=== EXERCISE MATERIAL ===

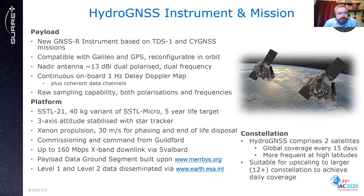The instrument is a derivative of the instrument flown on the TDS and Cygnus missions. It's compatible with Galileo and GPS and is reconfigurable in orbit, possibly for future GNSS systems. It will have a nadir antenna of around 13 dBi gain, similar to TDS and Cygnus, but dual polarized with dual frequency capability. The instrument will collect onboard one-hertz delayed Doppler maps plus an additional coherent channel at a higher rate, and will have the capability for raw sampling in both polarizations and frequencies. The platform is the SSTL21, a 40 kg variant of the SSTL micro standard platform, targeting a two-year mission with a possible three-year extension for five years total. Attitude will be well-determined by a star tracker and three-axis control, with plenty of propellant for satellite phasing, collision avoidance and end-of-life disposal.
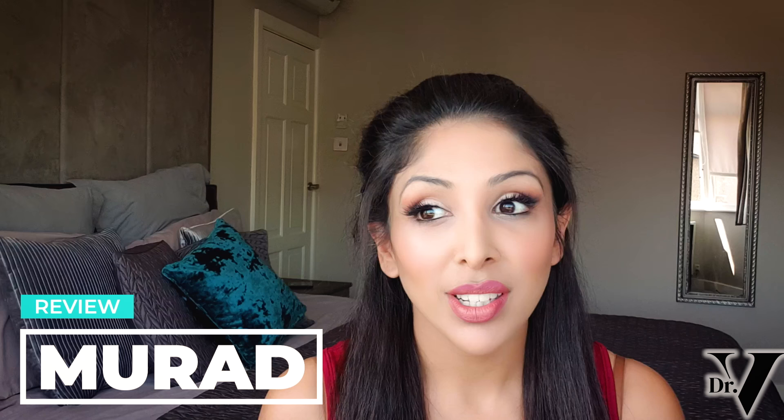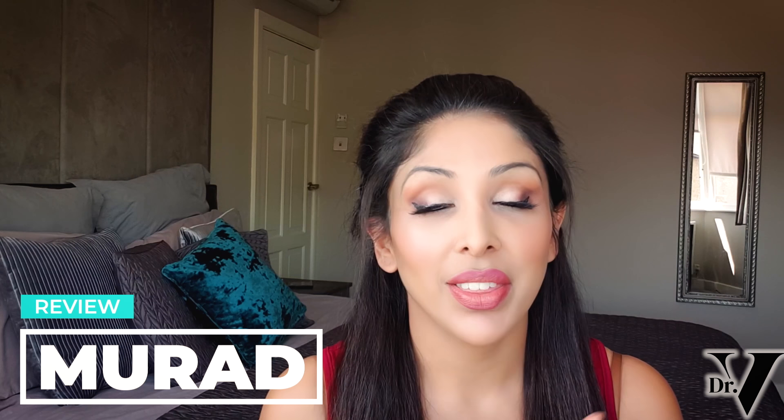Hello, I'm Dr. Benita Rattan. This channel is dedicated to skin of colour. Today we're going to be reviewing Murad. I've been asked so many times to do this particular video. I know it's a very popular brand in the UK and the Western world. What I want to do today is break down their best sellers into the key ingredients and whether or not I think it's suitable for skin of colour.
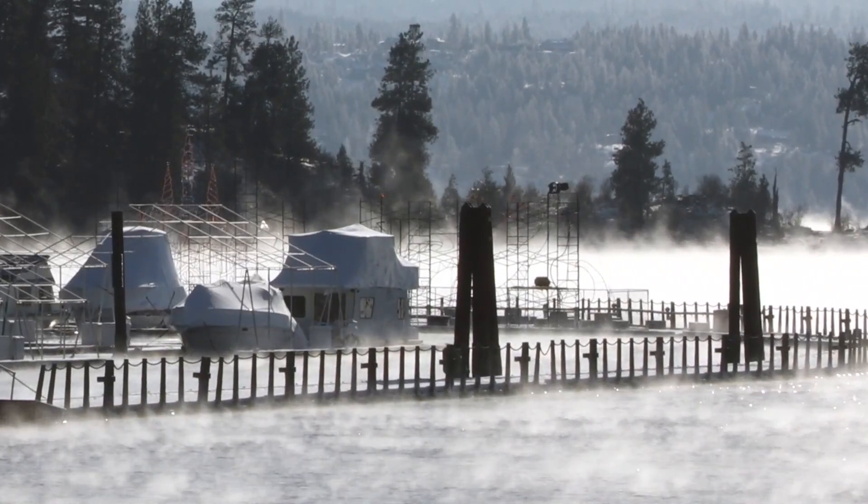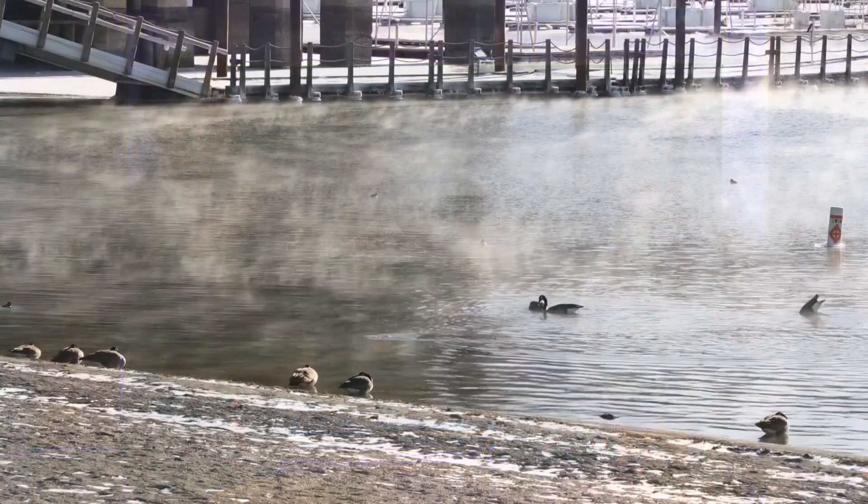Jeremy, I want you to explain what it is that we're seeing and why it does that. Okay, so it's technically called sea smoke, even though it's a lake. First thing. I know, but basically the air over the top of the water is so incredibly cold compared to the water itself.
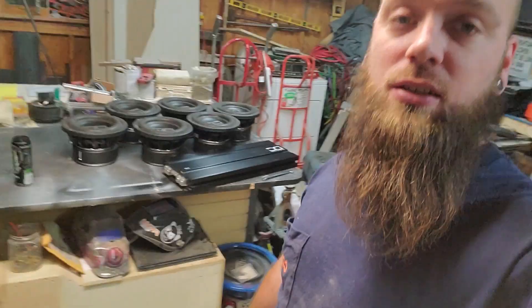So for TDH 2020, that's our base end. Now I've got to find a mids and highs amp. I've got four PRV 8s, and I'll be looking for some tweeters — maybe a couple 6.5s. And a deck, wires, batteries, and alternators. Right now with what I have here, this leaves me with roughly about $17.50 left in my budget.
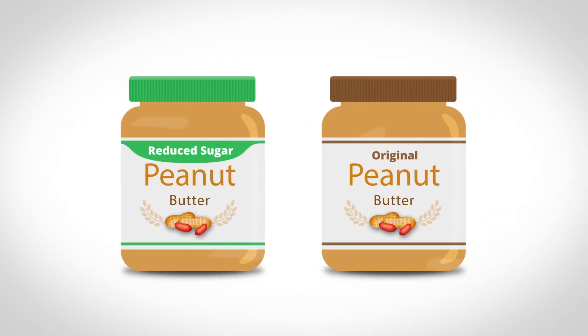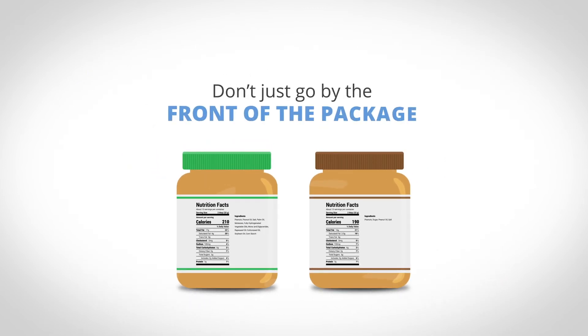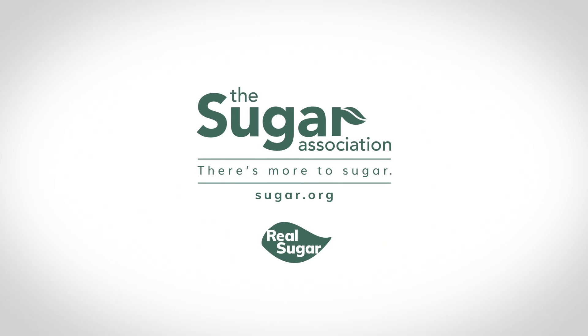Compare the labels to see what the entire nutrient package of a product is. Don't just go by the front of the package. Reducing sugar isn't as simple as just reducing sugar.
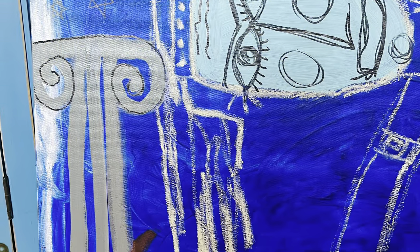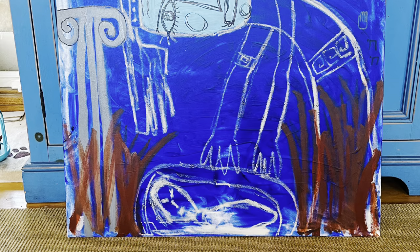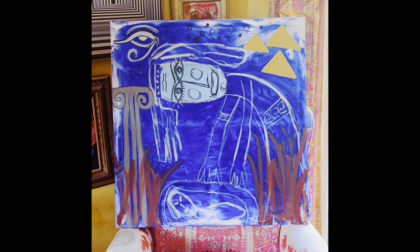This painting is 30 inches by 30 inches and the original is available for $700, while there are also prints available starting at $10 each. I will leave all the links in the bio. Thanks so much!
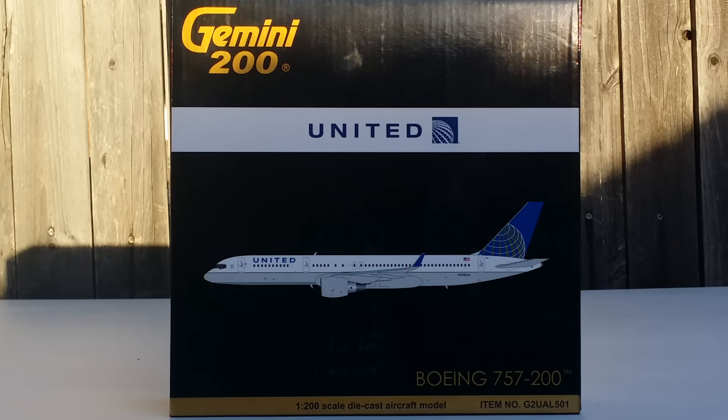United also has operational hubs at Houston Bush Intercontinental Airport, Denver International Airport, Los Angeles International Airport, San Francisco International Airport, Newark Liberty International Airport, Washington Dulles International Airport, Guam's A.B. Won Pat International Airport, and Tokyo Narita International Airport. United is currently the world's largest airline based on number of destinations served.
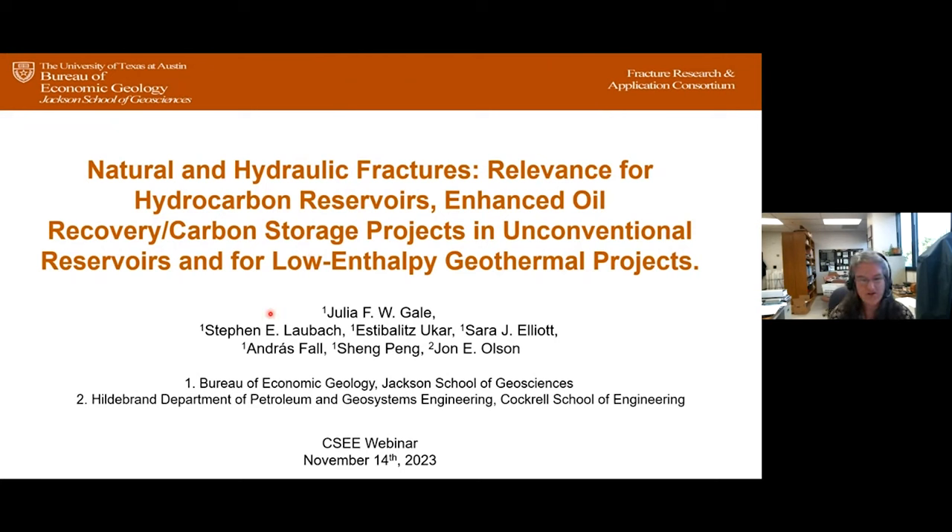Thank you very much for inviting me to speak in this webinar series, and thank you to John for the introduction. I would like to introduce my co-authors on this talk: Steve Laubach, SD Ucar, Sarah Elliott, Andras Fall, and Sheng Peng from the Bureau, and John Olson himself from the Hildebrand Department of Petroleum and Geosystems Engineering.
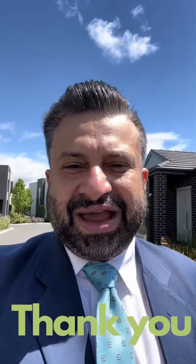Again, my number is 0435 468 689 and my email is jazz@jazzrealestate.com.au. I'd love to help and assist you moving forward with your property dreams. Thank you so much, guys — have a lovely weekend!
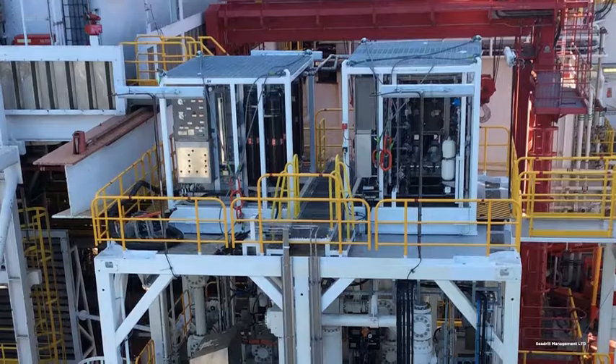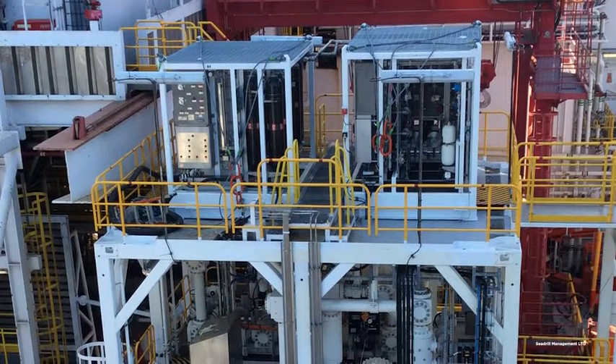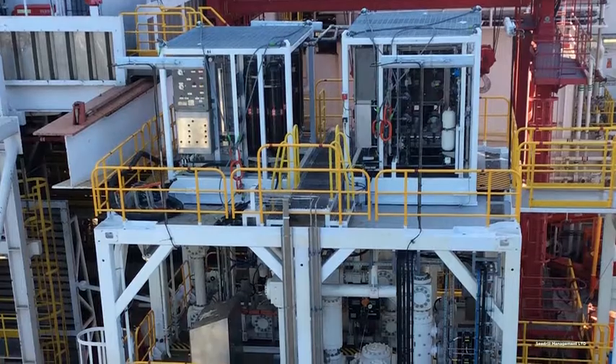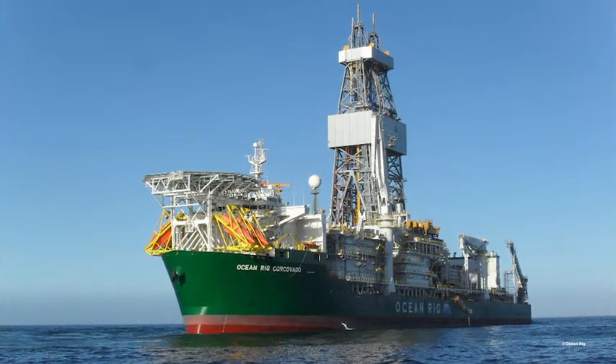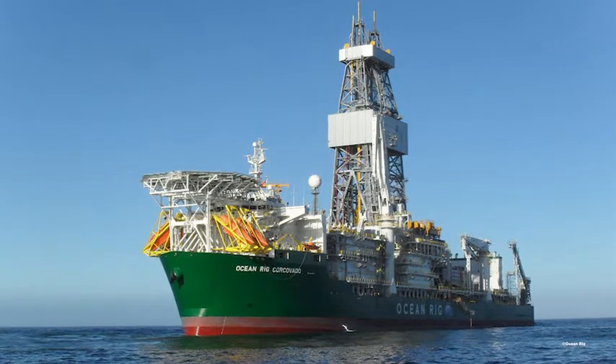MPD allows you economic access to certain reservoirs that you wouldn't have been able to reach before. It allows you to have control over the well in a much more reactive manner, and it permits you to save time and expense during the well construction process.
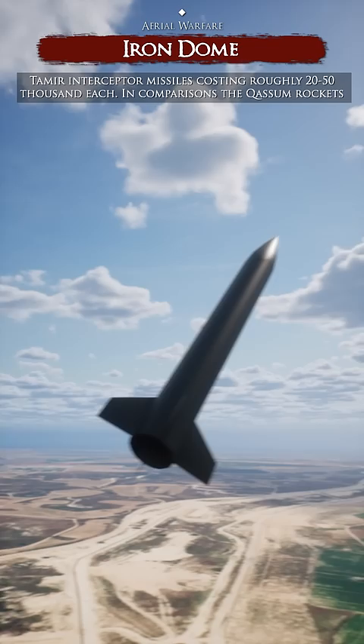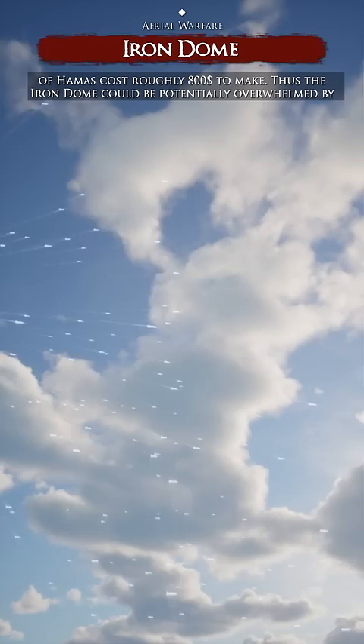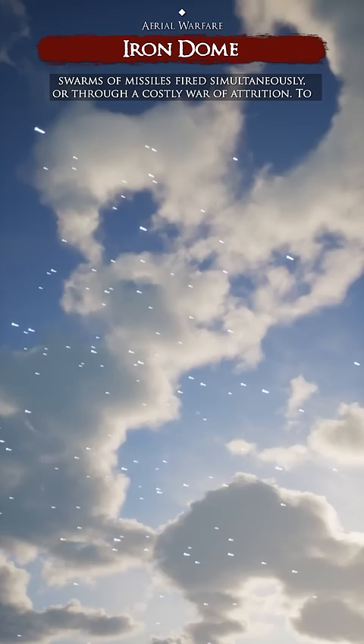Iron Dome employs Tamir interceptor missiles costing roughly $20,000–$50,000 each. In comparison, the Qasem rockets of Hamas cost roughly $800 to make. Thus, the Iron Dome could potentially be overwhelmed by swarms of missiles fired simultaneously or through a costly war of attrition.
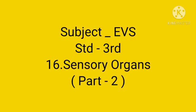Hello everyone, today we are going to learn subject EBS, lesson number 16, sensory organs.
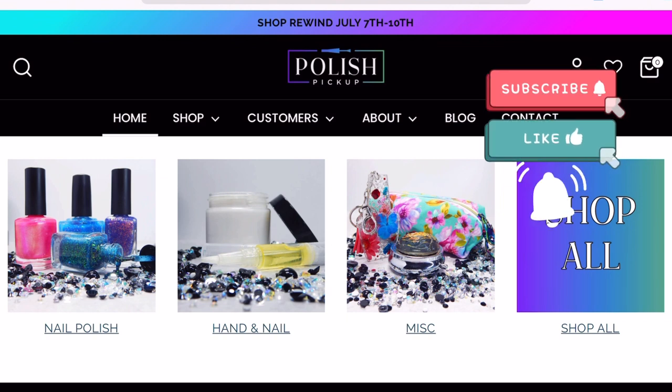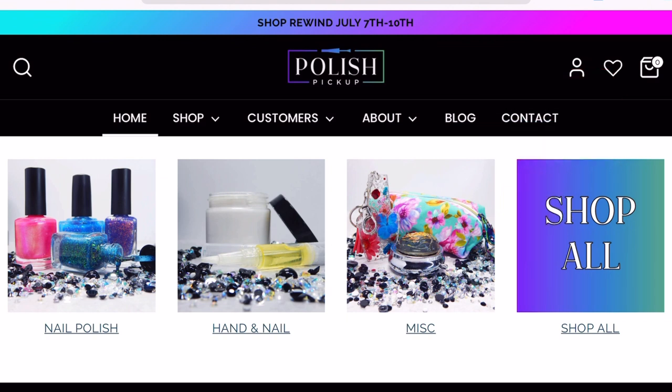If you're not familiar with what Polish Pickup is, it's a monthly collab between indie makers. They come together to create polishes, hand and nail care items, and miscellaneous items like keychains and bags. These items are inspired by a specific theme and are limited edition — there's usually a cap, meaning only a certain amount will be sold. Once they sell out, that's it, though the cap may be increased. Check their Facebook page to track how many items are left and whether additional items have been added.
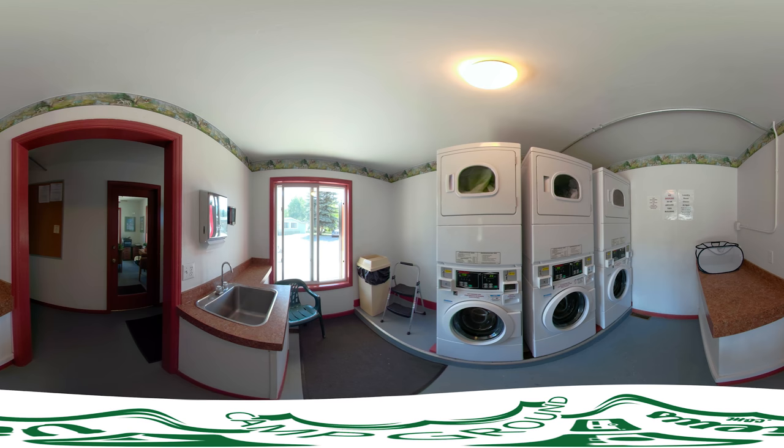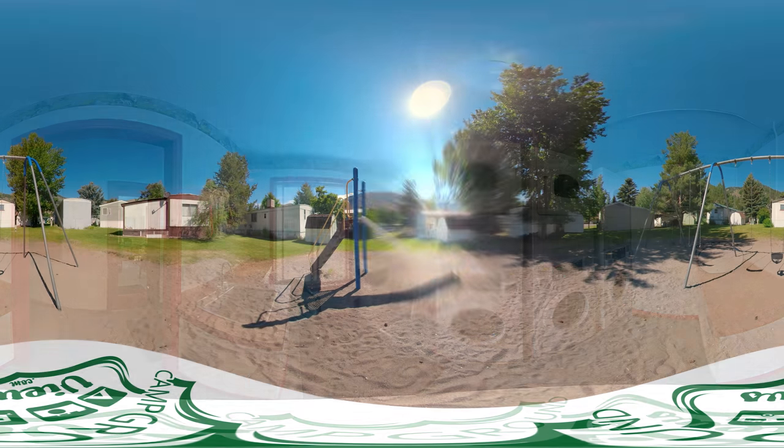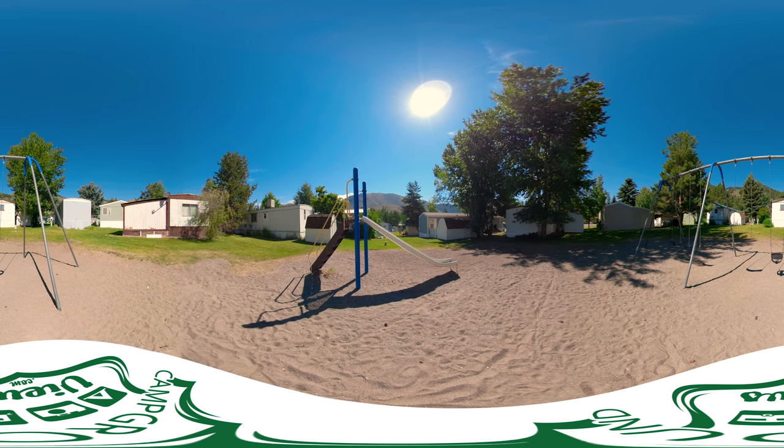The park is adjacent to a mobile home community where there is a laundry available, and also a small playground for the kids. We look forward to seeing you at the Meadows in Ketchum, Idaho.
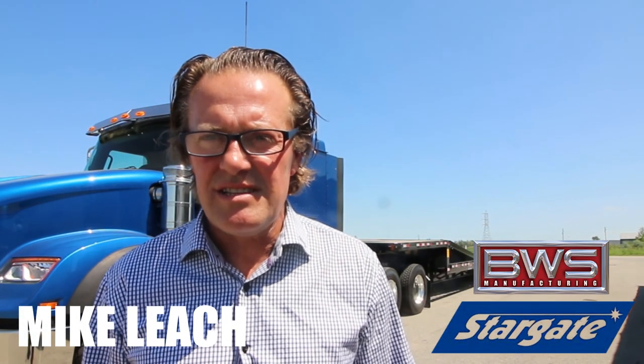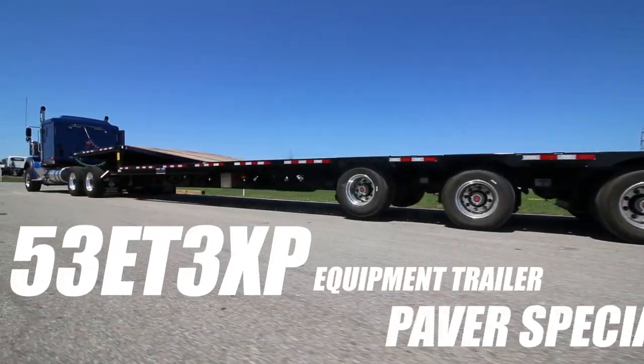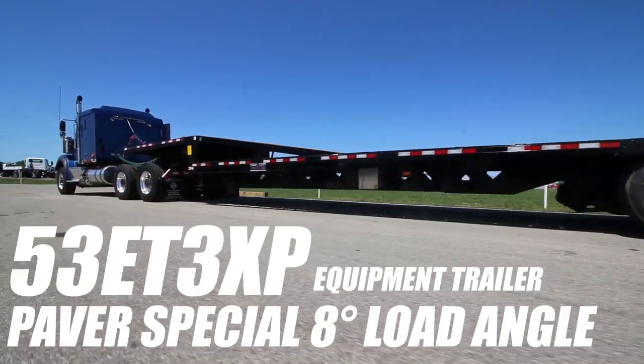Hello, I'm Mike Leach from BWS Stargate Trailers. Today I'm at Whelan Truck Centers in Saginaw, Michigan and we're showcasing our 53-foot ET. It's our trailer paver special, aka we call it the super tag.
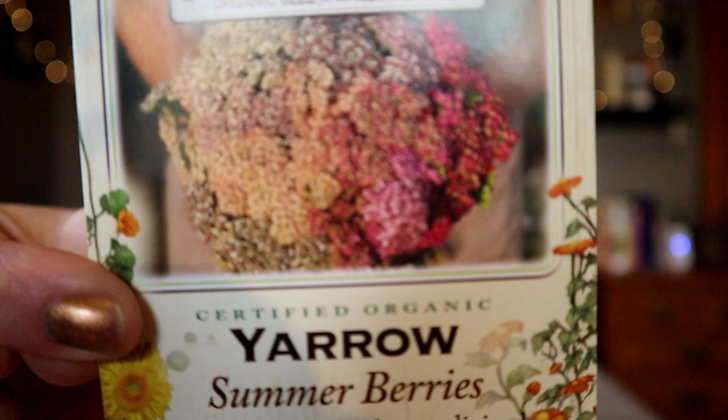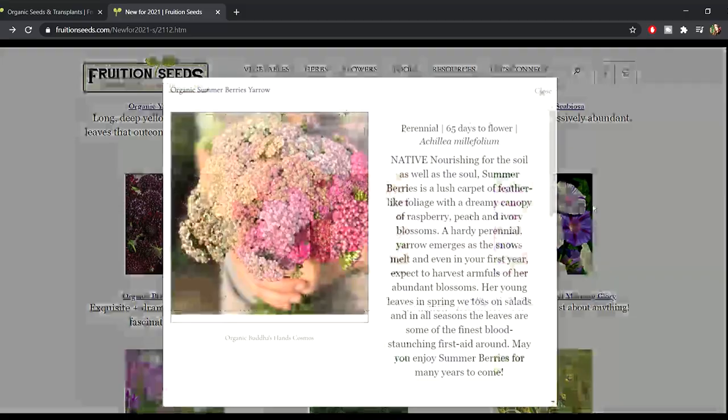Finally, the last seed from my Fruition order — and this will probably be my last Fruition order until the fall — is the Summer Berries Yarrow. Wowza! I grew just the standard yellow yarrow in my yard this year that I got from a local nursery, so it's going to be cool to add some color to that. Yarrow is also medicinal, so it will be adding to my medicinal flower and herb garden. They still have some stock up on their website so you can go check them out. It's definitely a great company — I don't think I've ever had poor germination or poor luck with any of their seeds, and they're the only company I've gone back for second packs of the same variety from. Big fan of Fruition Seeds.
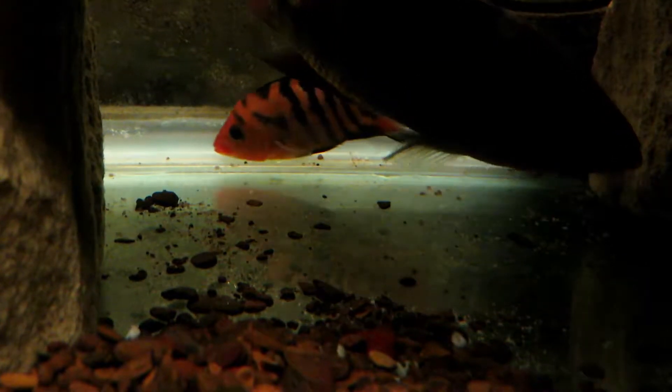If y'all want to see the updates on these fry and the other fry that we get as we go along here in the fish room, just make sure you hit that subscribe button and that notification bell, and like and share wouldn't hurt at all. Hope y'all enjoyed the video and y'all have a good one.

===

• EXERCISE REQUIREMENTS
The answer must be the part of the records that opens with the line containing "Compare the labels" and closes with the line containing "Thank you very", reproduced exactly, with no pictures.

• EXERCISE RESPONSE
Compare the labels to see what the entire nutrient package of a product is. Don't just go by the front of the package. Reducing sugar isn't as simple as just reducing sugar.
This painting is 30 inches by 30 inches and the original is available for $700, while there are also prints available starting at $10 each. I will leave all the links in the bio. Thanks so much!
United also has operational hubs at Houston Bush Intercontinental Airport, Denver International Airport, Los Angeles International Airport, San Francisco International Airport, Newark Liberty International Airport, Washington Dulles International Airport, Guam's A.B. Won Pat International Airport, and Tokyo Narita International Airport. United is currently the world's largest airline based on number of destinations served.
Thank you very much for inviting me to speak in this webinar series, and thank you to John for the introduction. I would like to introduce my co-authors on this talk: Steve Laubach, SD Ucar, Sarah Elliott, Andras Fall, and Sheng Peng from the Bureau, and John Olson himself from the Hildebrand Department of Petroleum and Geosystems Engineering.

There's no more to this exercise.